With regard to the aforementioned impairments, the Company evaluated the facts and circumstances related to the use of the assets which indicated that they may not be recoverable. Using sublease income to develop expected future cash flows, it was determined that the fair value of the assets was less than their carrying value. The impairment charge is included in Impairment and other losses within the Consolidated Statements of Operations.
The following table presents minimum future rental payments under the Company’s leases as of December 31, 2024, and their reconciliation to the corresponding lease liabilities:
Maturity Analysis
(dollars in thousands)
2025 $ 75,646
2026 63,482
2027 55,380
2028 49,550
2029 44,696
Thereafter 72,152
Total 360,906
Less: Present value discount (55,314)
Lease liability $ 305,592
11. Debt
The following tables present the Company’s indebtedness as reported on the Consolidated Balance Sheets as of December 31,:
2024 2023
(dollars in thousands)
Credit Agreement
$ 264,000 $ 59,000
5.625% Notes
1,100,000 1,100,000
Debt issuance costs (10,376) (13,172)
5.625% Notes, net of debt issuance costs
1,089,624 1,086,828
Total long-term debt $ 1,353,624 $ 1,145,828
Interest expense related to long-term debt included in Interest expense, net on the Consolidated Statements of Operations for the years ended December 31, 2024, 2023, and 2022 was $91.4 million, $88.7 million, and $73.8 million, respectively.
The amortization of debt issuance costs included in Interest expense, net on the Consolidated Statements of Operations for the years ended December 31, 2024, 2023, and 2022 was $2.8 million, $3.2 million, and $2.4 million, respectively.
Revolving Credit Agreement
The Company is party to a senior secured revolving credit facility with a five-year maturity with a syndicate of banks (the “Credit Agreement”). The Credit Agreement provides revolving commitments of up to $640.0 million and permits restricted payments for share repurchases or redemptions from certain of its stockholders in an aggregate principal amount of up to $150.0 million.

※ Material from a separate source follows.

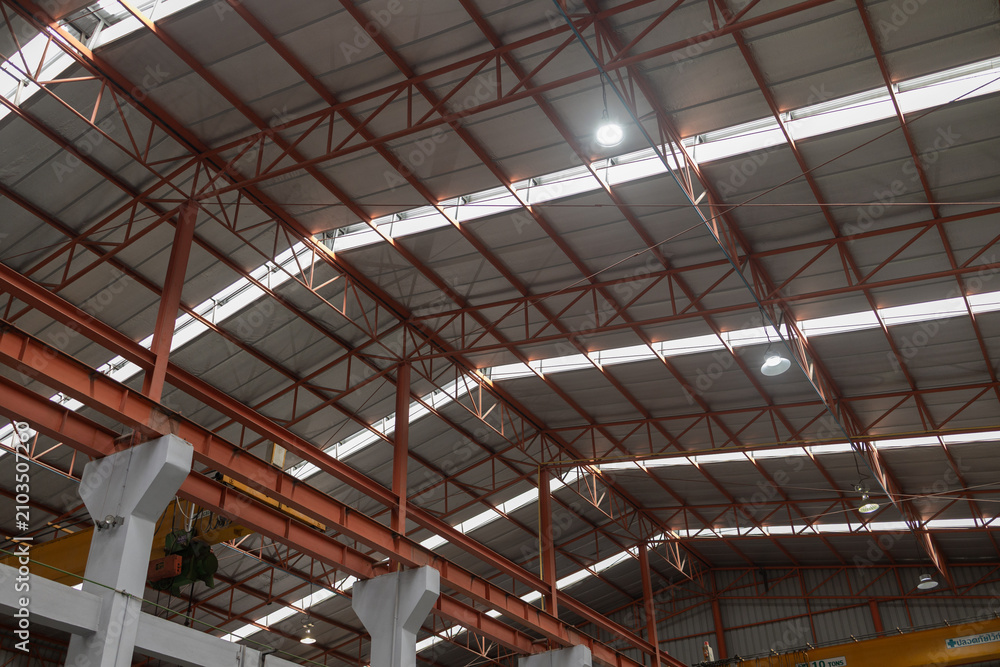 Obraz premium Vast impressive interior roof structure of an industrial factory concept featuring sturdy steel beam frame and corrugated metal sheet roofing with bright skylight illumination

The Credit Agreement contains sub-limits for revolving loans denominated in pounds and euros not to exceed the U.S. dollar equivalent of $50.0 million in pounds and $50.0 million in euros and $100.0 million in the aggregate. Additionally, the Credit Agreement contains a $15.0 million sub-limit for letters of credit denominated in pounds, euros or saudi riyals and any alternative currency that is agreed among the Borrowers, the applicable Issuing Bank and the Administrative Agent.
Borrowings pursuant to the Credit Agreement bear interest at a rate equal to, at the Company’s option, (i) the greatest of (a) the prime rate of interest in effect on such day, (b) the federal funds effective rate plus 0.50% and (c) the Secured Overnight Financing Rate (“SOFR”) plus 0.10%, plus 1% in each case, plus the applicable margin (calculated based on the Company’s Total Leverage Ratio, as defined in the Credit Agreement) at that time or (ii) the SOFR rate plus 0.10% plus the applicable margin (calculated based on the borrowers’ total leverage ratio) at that time.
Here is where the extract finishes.